How does being a lawyer interact with being a poet?
Both law and poetry are concerned with manipulating language, with trying to communicate the difficult or complicated. But good legal briefs are actually boring -- you're not supposed to be surprised by the conclusions they come to. I don't want my poems to be like that! When I'm writing poetry, I have to work to dismantle my legal writing habits, and to allow space for the poem to breathe, meander, and get where it's going on its own time.
I saw on your blog that the Tinysides chapbooks that you made back in "the day" -- which are so great and were a huge inspiration to me -- are now being made available as digital versions. What prompted this?
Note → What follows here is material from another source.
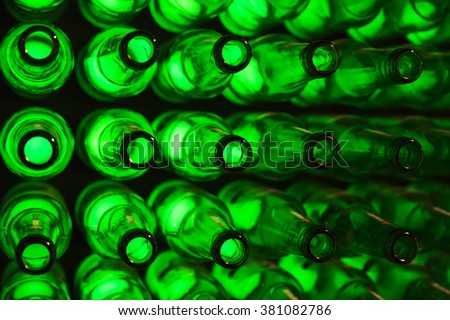 bottles as background green beer texture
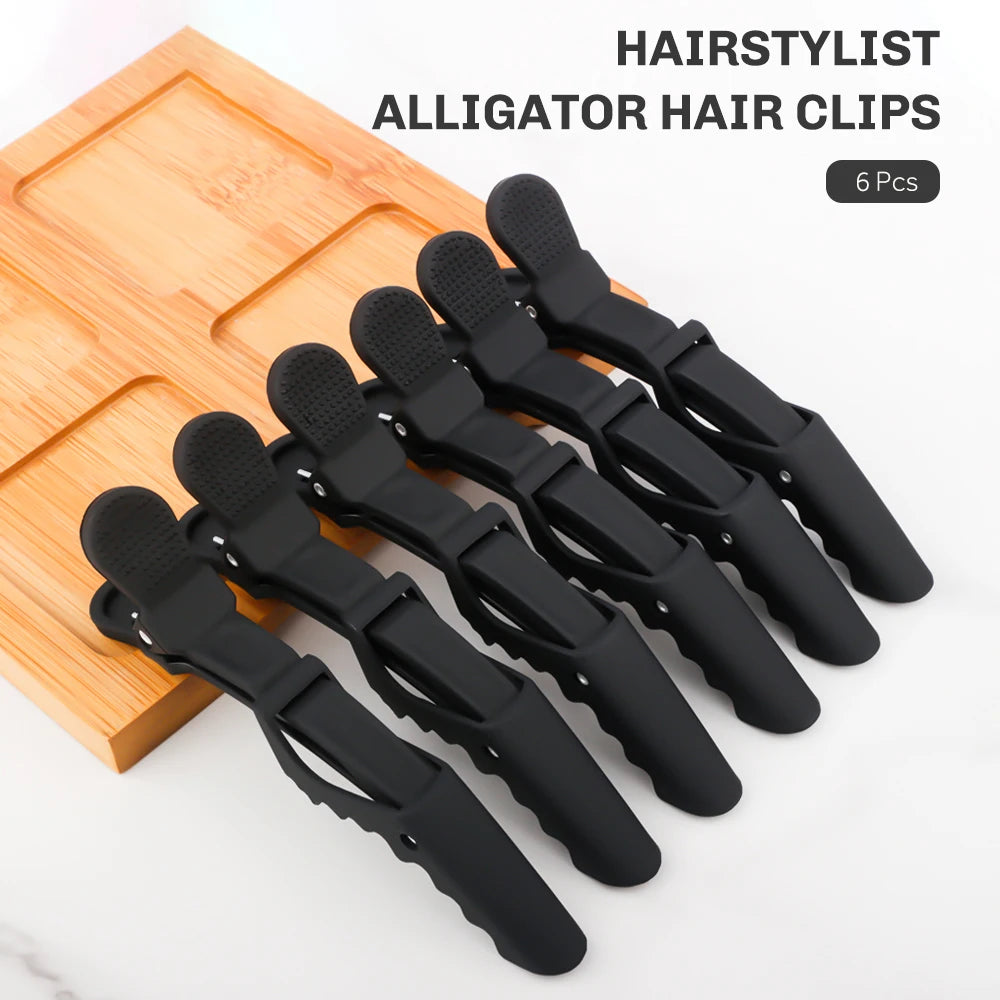 6pcs/lot Hair Clip Hairdressing Clamps Claw Section Alligator Clips Barber For Salon Styling Hair Accessories Hairpin For Women - On Line Hair Depot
I've been so happy, since announcing the digitization, to learn how many people still remember the Tinysides and enjoyed them. The digitization is something I've been meaning to take on for years, but somehow never found the time for. Over the holidays, I realized that, umm, it is not exactly difficult to scan hard copies of six-page-long pamphlets. It is, in fact, easy. And quick! I feel a bit sheepish, given how simple a project it really is, that it took me so long. But hey, we're here now, and I'm posting the ditigized Tinysides, one per week, in the order in which they were originally released.
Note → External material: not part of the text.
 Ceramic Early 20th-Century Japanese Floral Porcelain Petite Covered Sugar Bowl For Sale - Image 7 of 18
Do you sweat the difference between the artifact of the Tinysides and their digital "presence"?
Not now. When I first started the Tinysides, I wanted to make beautiful objects that would be more accessible than artist's books -- a sort of compromise between mass production and something so rarified that only one person could ever have it, or turn its pages. I made fifty copies of each Tinyside, but they sold out incredibly quickly. There went my idea of greater accessibility! But scanning the hard copies preserves the quirks of the handmade -- slightly off-center pages, the string that binds the pamphlet, even the visual texture of the paper -- while making the books freely accessible to anyone with an internet connection. While I still love the Tinysides as objects, I think the digitization fulfills their original purpose better than their first, hard-copy run really did.